*** Opening of SUPPLIED INFORMATION ***
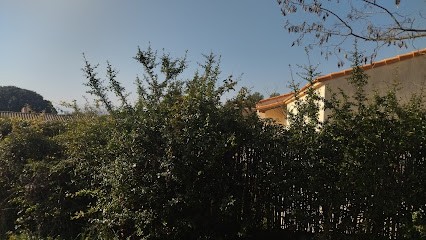 Jean-Luc Espace Vert, Paysagiste à Seillons-Source-d'Argens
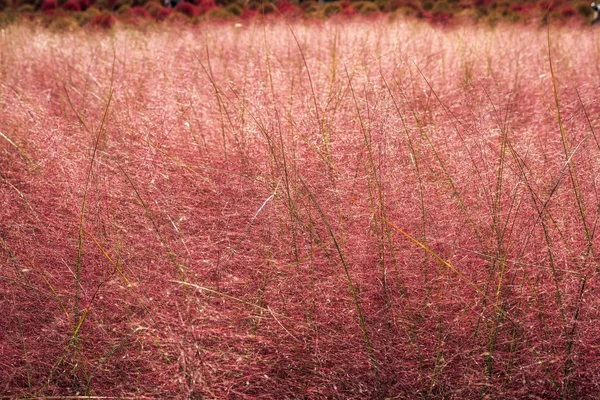 韓国ソウル麻浦区のソウル ハヌル 公園で秋に咲くピンクのミューリー草 — ストック写真
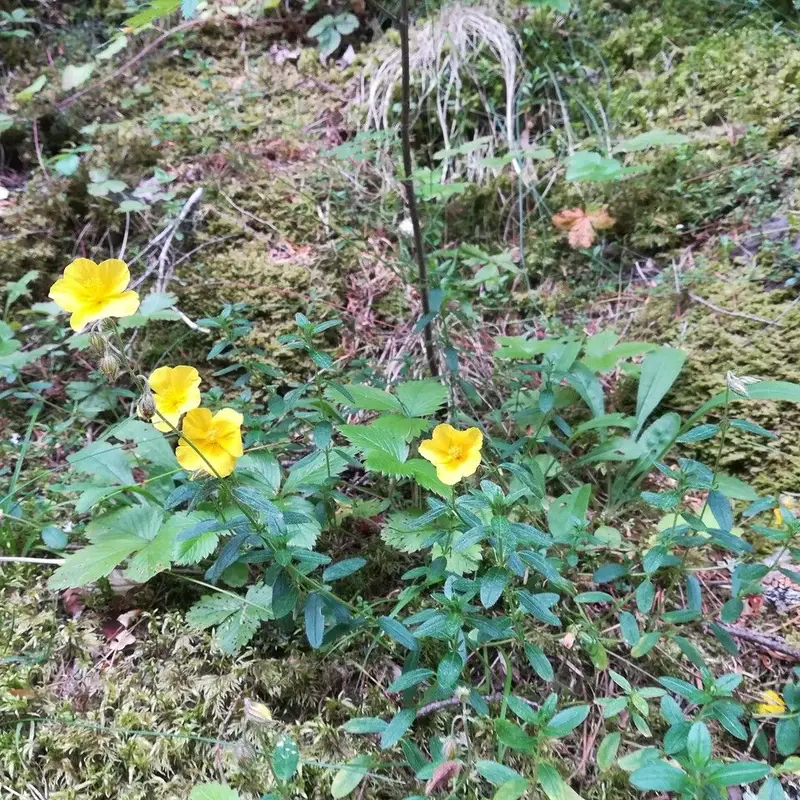 Солнцецвет (Helianthemum): полное руководство по уходу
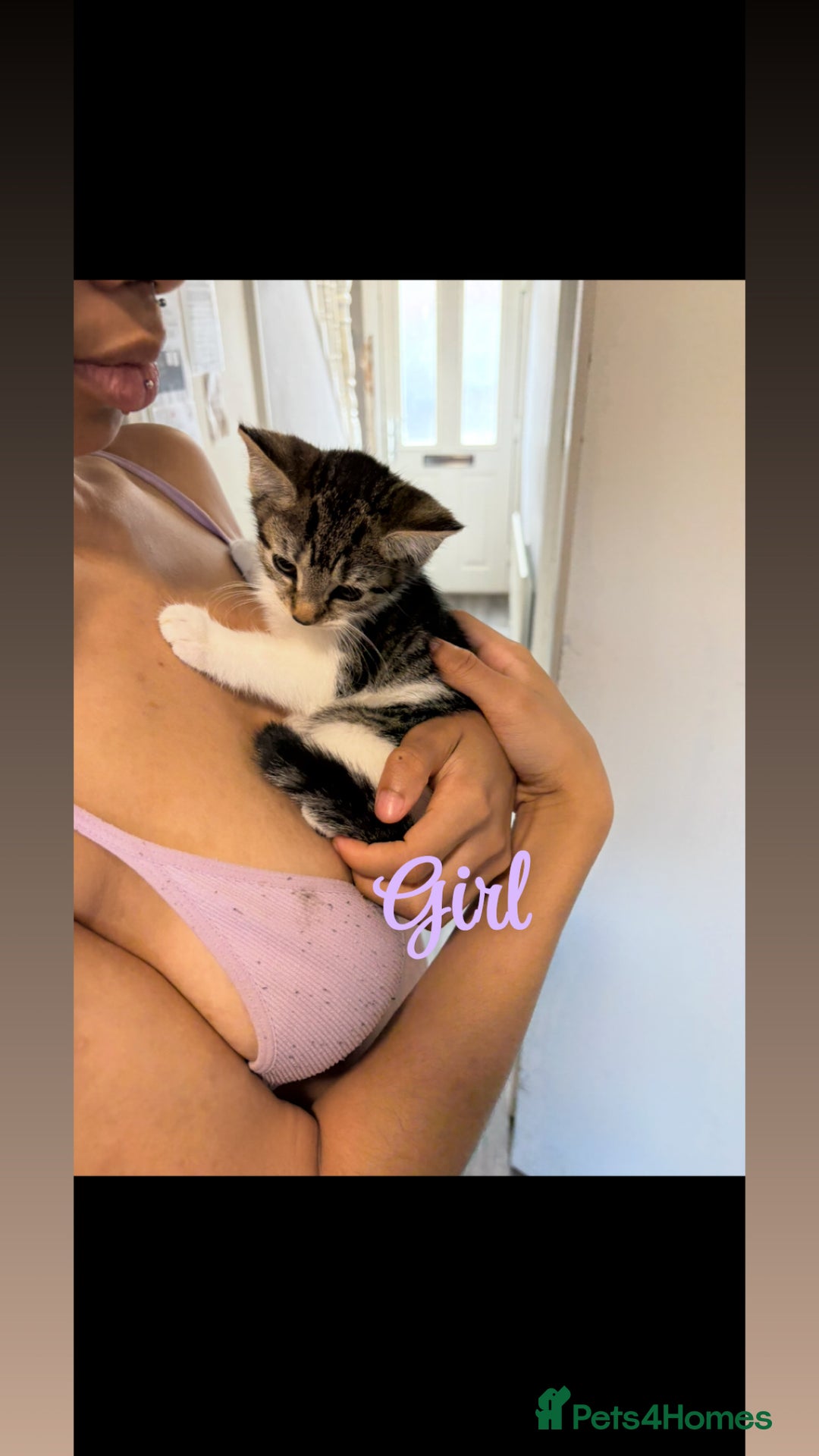 Mixed Breed cats for sale: Kittens  - Image 3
*** Close of SUPPLIED INFORMATION ***
TASK REQUIREMENTS — Would you transcribe the listing above line by line, exactly, leaving every picture out?

SOLUTION FOR THIS TASK —
 Jean-Luc Espace Vert, Paysagiste à Seillons-Source-d'Argens
 韓国ソウル麻浦区のソウル ハヌル 公園で秋に咲くピンクのミューリー草 — ストック写真
 Солнцецвет (Helianthemum): полное руководство по уходу
 Mixed Breed cats for sale: Kittens  - Image 3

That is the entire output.